Увы, он был похож на свою мать, но обладал, что называется, своеобразной внешностью. Темно-русые кудри словно нимбом обрамляли его бледное личико, он был выше всех ровесников и очень тоненький, несмотря на попытки Марты откормить его. Но люди первым делом обычно замечали его глаза. Слегка миндалевидные, они большую часть времени казались серыми, но иногда меняли цвет от голубого до зеленого, в зависимости от освещения. Неудивительно, что его дразнили за его внешность; дети обычно жестоки к тем, кто как-то выделяется среди других. Еще его дразнили за ум, за то, что у него не было друзей (хотя на это он смотрел сквозь пальцы). Кое-кто даже говорил, что его мать бросила семью из-за Шерлока, что никто не хочет иметь такого странного ребенка, как он, и эти насмешки ранили сильнее всего. Бессознательно пытаясь защитить себя, Шерлок мастерски научился наблюдать за людьми, подмечая их слабости и без угрызений совести используя против тех, кто его обижал. Чтобы сосчитать детей, прибегавших домой в слезах после стычек с Шерлоком, не хватило бы пальцев на руках, и никакие дисциплинарные взыскания, предпринимаемые его тетушкой, не помогали. Единственное, что действовало на Шерлока – силой заставить его сидеть смирно, но связывать его было не выход, даже в воспитательных целях.
К подростковому возрасту Шерлок стал еще неуклюжее, чем раньше. Длинные конечности по сравнению с маленьким худеньким телом смотрелись нелепо. Скулы у него были слишком высокие, глаза слишком близко посажены, а кудри слишком буйные. Как и у всех мальчиков, в этом возрасте голос у него начал ломаться, и Шерлок разговаривал еще меньше, потому что его раздражало, что он не в силах контролировать вырывающиеся из горла звуки.
Несколько лет назад он начал играть на скрипке и проявил недюжинный талант, хотя его игру не слышал никто, кроме учителя музыки и тетушки Марты. Порой он занимался по нескольку часов кряду, пощипывая струны и подбирая случайную мелодию, а порой играл симфонии, как маэстро. Сначала Марта думала, что скрипка пробудит у Шерлока интерес к учебе, и пыталась спрятать инструмент. Однако ее уловка не удалась, потому что Шерлок стал пропускать школу, ища свою скрипку. После этого она перестала пытаться хитростями склонить его к учебе; все равно она давалась ему блестяще.
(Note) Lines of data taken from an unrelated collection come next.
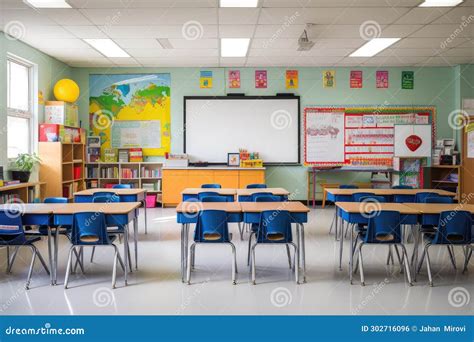 Interior Of A School Classroom With Desks And Chairs In A Primary School Back To School Concept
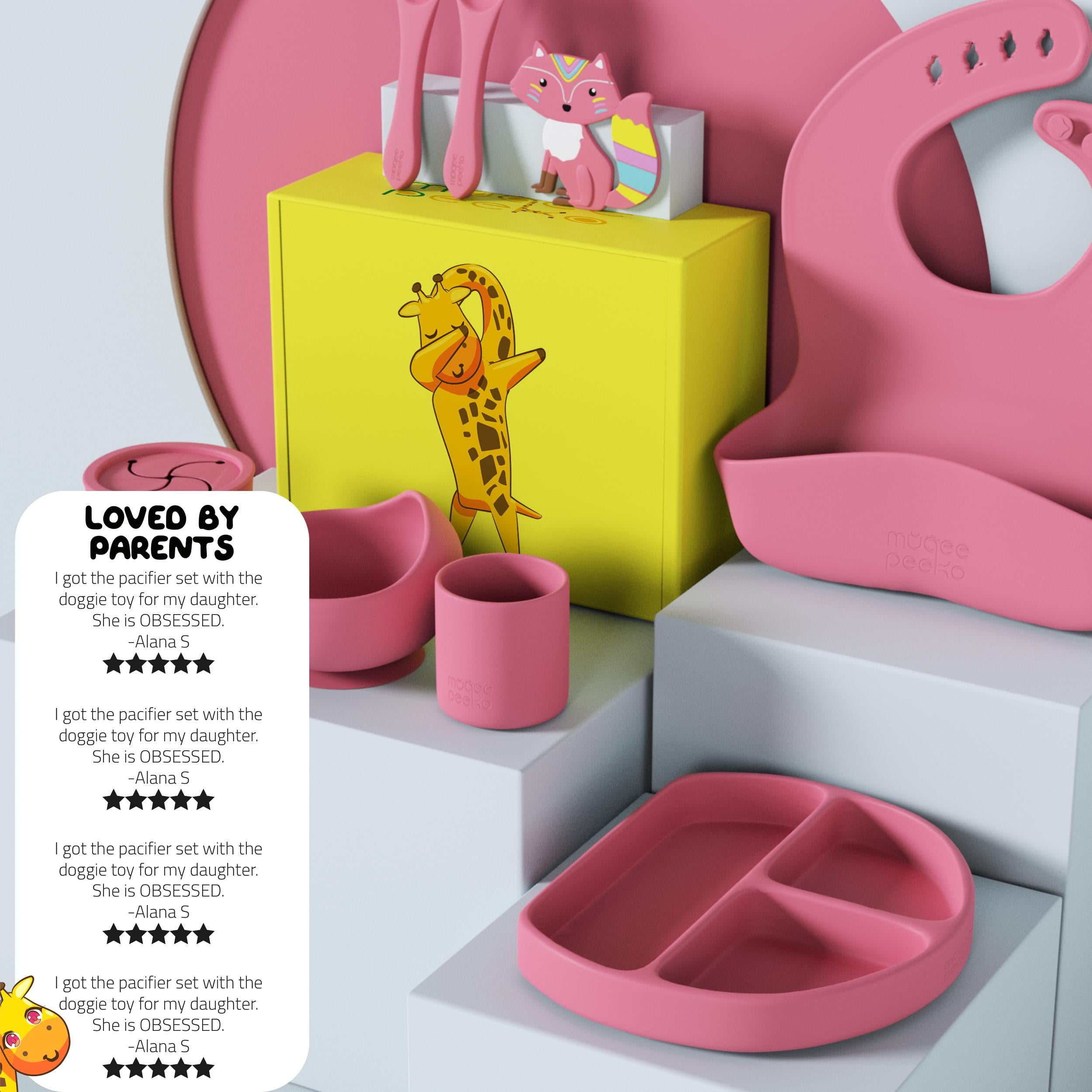 Trixie PLA 2-PACK - Assiette pour enfants - pink/argenté 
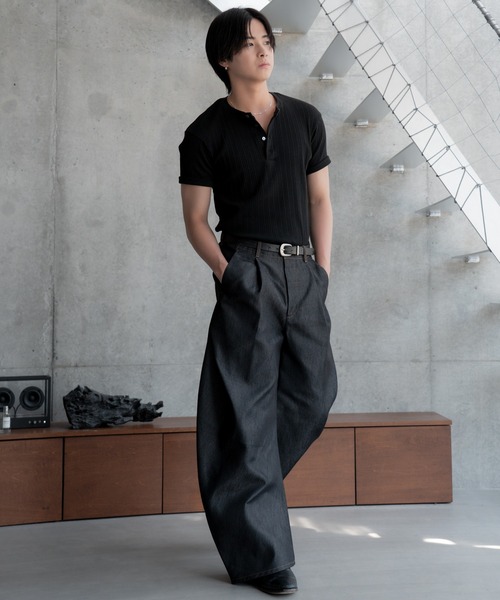 SINSS(シンス)の「Rib henley HS T-shirt / リブヘンリーショートスリーブTシャツ(Tシャツ/カットソー・メンズ・ホワイト/ブラック・X-SMALL/SMALL/MEDIUM/LARGE)」の9枚目の写真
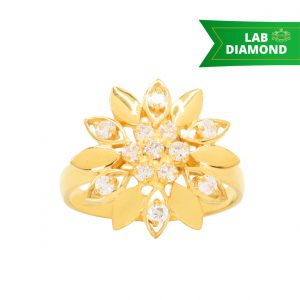 Diamond Flower .40ct Lab 22k #247  - Diamond Ring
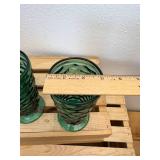 Pair Mid-Cent 6" Teal Whitehall Colony Indiana Glass Cubist Footed Ice Tea Glasses - Very hard to find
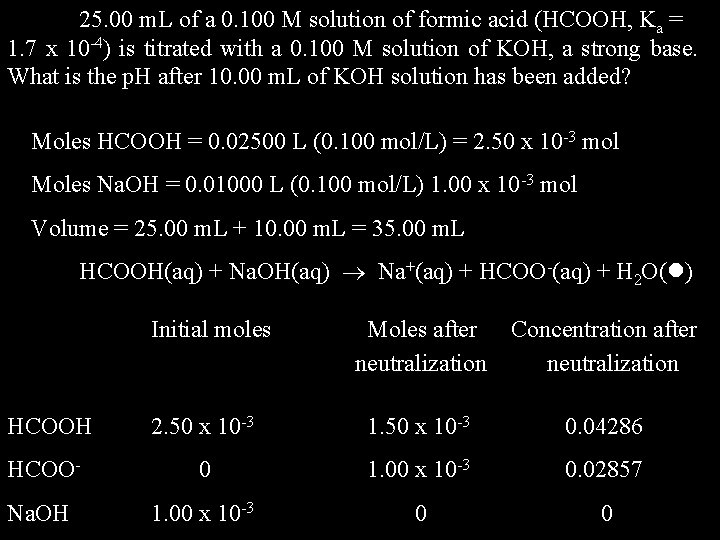 25. 00 m. L of a 0. 100 M solution of formic acid (HCOOH,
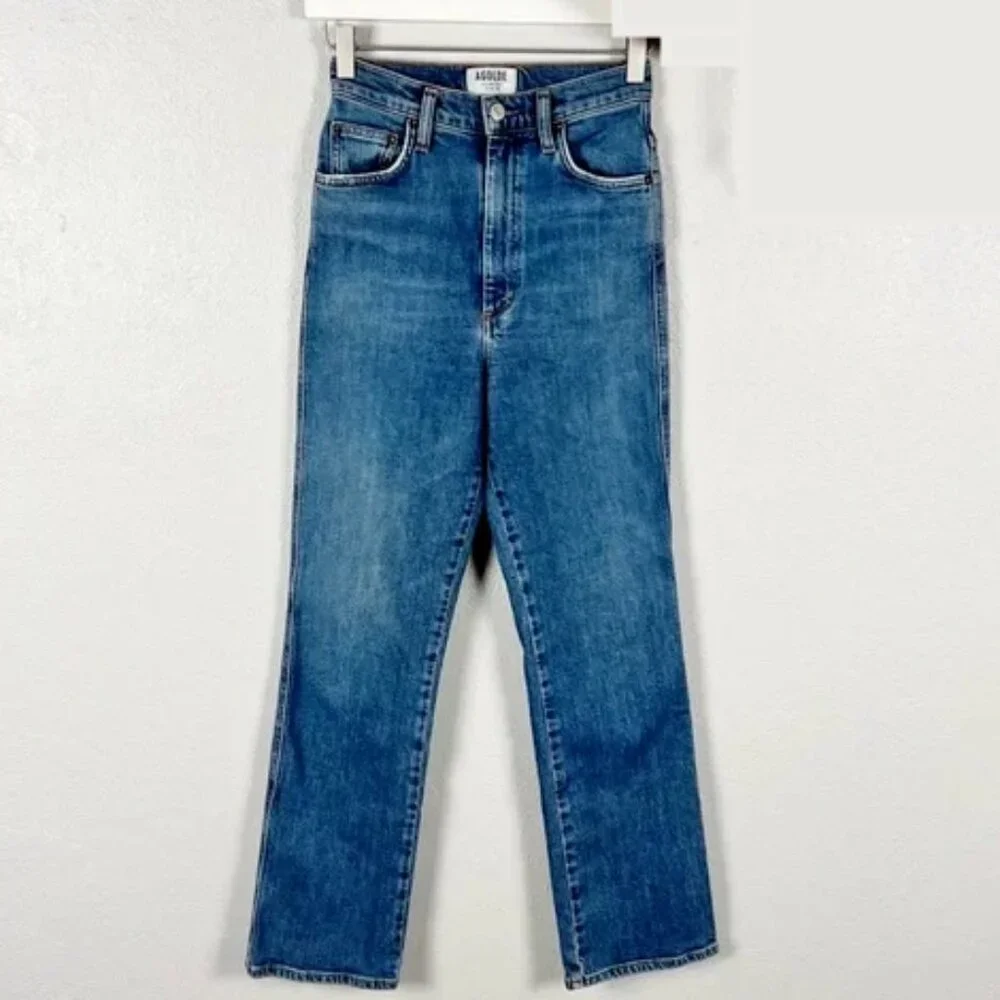 AGOLDE Pinch Waist High Rise Straight Jeans Size 24 Distressed Denim - Picture 2 of 5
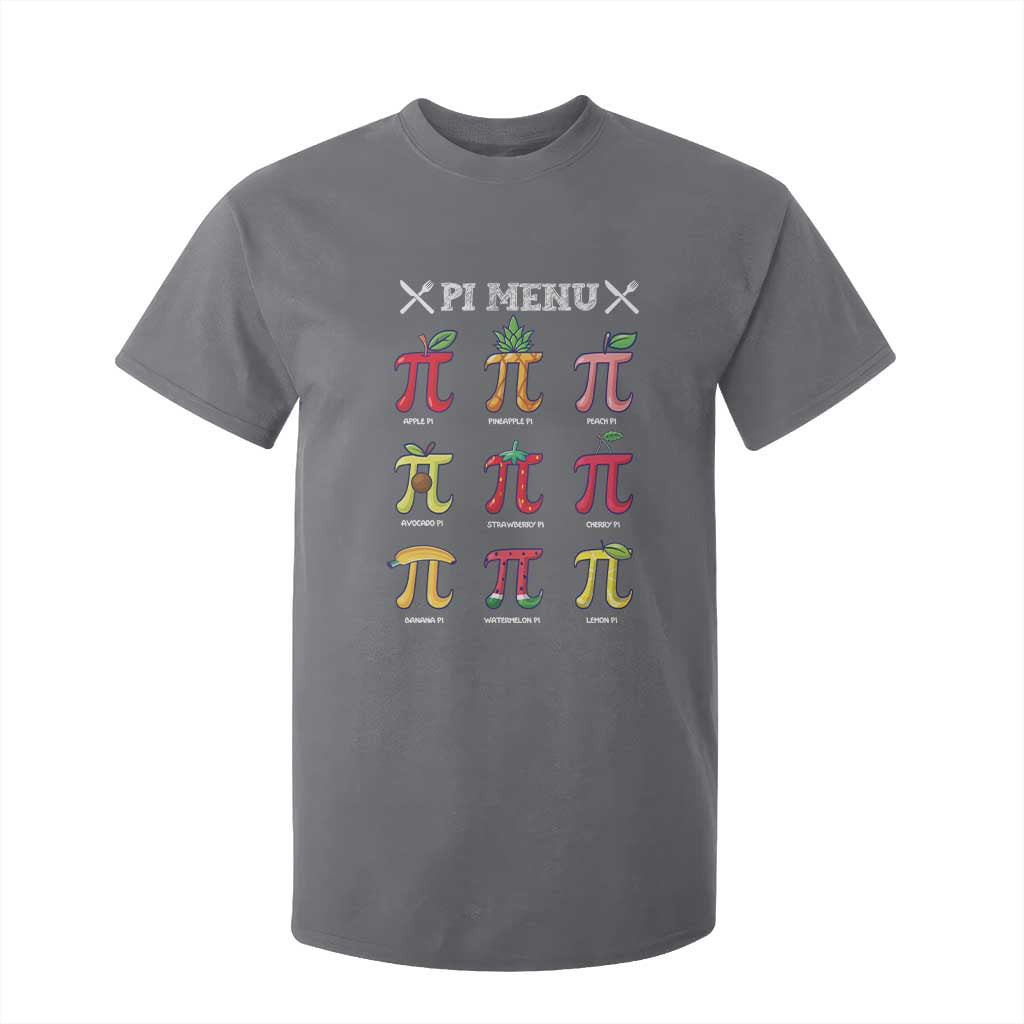 Funny Pi Day T Shirt For Kid Pi Menu Fruits Pie Math Lover TS09 Charcoal Print Your Wear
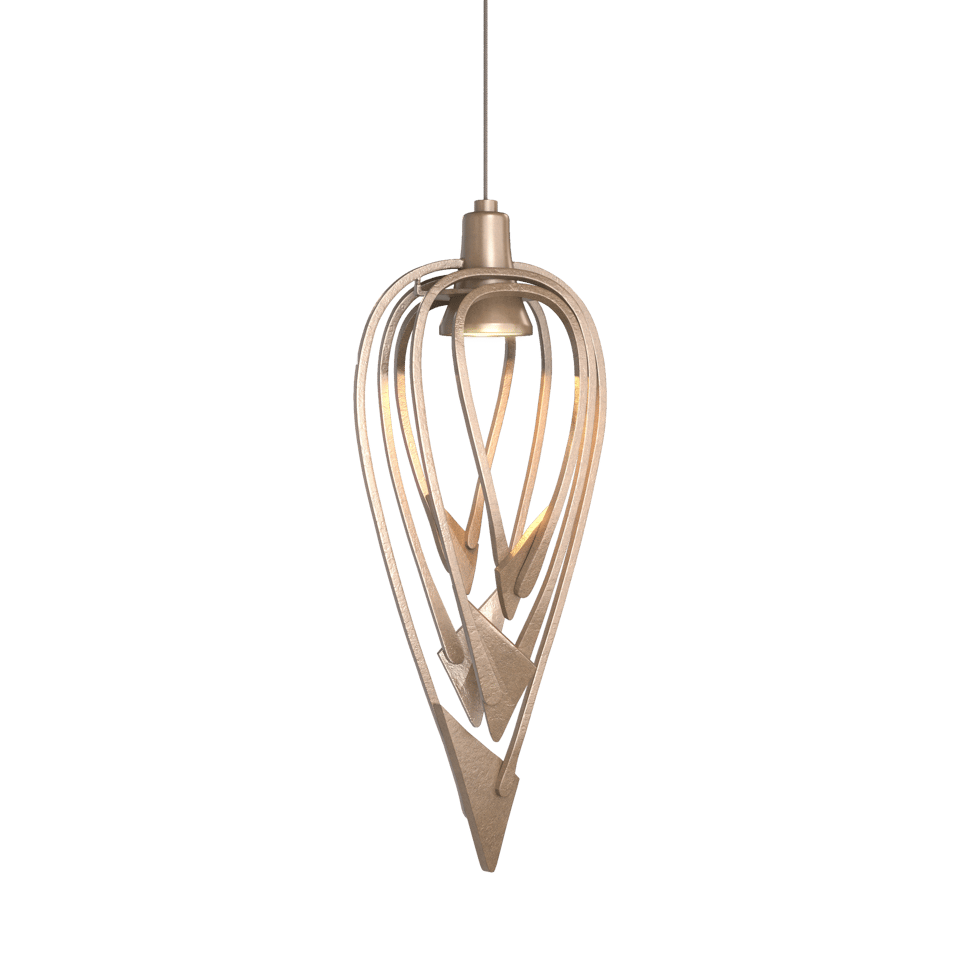 Hubbardton Forge Amulet 12V Low Voltage Mini Pendant Light - Handcrafted Steel, Dimmable, 18.2”H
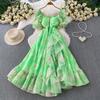 French beautiful super fairy chiffon printed square neck bubble sleeve dress women's vacation waist thin ruffle edge dress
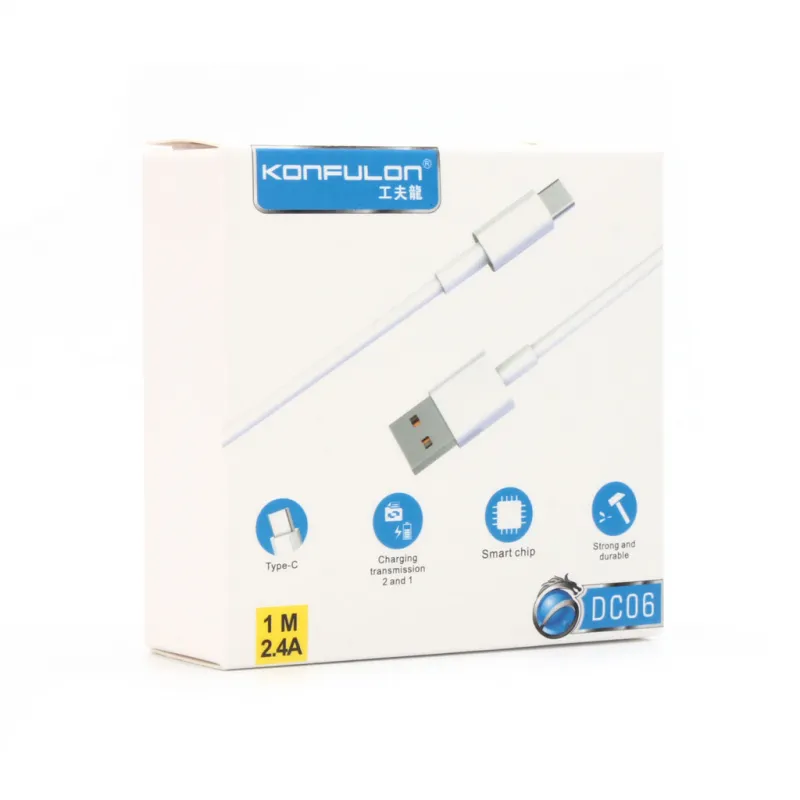 Data kabl KONFULON DC06 Type C beli 1m
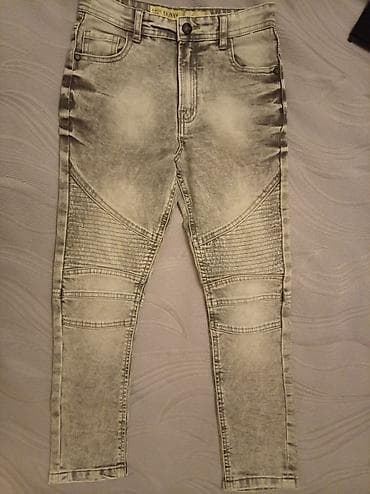 Motosiklet tərzində skinny cins şalvar - Rəng: daş yuma effektli açıq — 2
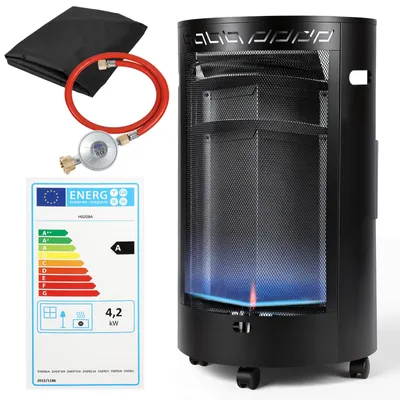 Obrázok produktu pre Ikodm mobilný plynový ohrievač Blue Flame, 1600 W/4200 W, s regulátorom tlaku a hadicou, 4 otočné kolieska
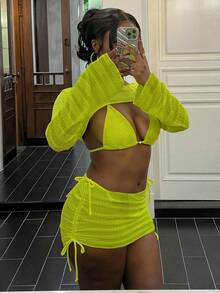 Vaytide New Spring Summer Neon Yellow Textured Mesh Semi-Sheer Halter Neck Side Tie Long Sleeve Crop Top With Side Drawstring, Sexy Beach Vacation 4-Piece Swimwear Set For Women - Green - View 1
Учителя были склонны прощать ему ужасные манеры, потому что он без особых усилий получал по всем предметам самые высокие оценки. Чем старше он становился, тем чаще учителя говорили с Мартой об университете Лаваля и стипендии, которой там удостаивались лучшие студенты. Марта загорелась этой идеей, но Шерлок после окончания школы в Сент-Сесиле не проявил интереса к высшему образованию. Он был абсолютно счастлив, занимаясь самообразованием в тех областях, которые его интересовали, и проглатывал книги десятками. Если он не читал, то бродил в окрестностях городка, изучая людей и ставя опыты.
Он проводил столько времени, наблюдая за людьми, и, в конце концов, стал мастерски разбираться в них и делать выводы, основанные на всем, что видел: одежде, поведении, привычках, внешности, личной гигиене и различных чертах характера. Он знал, когда люди лгут, когда изменяют (и с кем, конечно), кто пытается скрывать или симулировать болезни. Он мог назвать профессию любого человека, прежде чем тот успевал раскрыть рот, и если бы захотел, то легко мог сказать, что вы ели на ланч. Этот впечатляющий талант обычно доставлял ему неприятности. Или пощечины.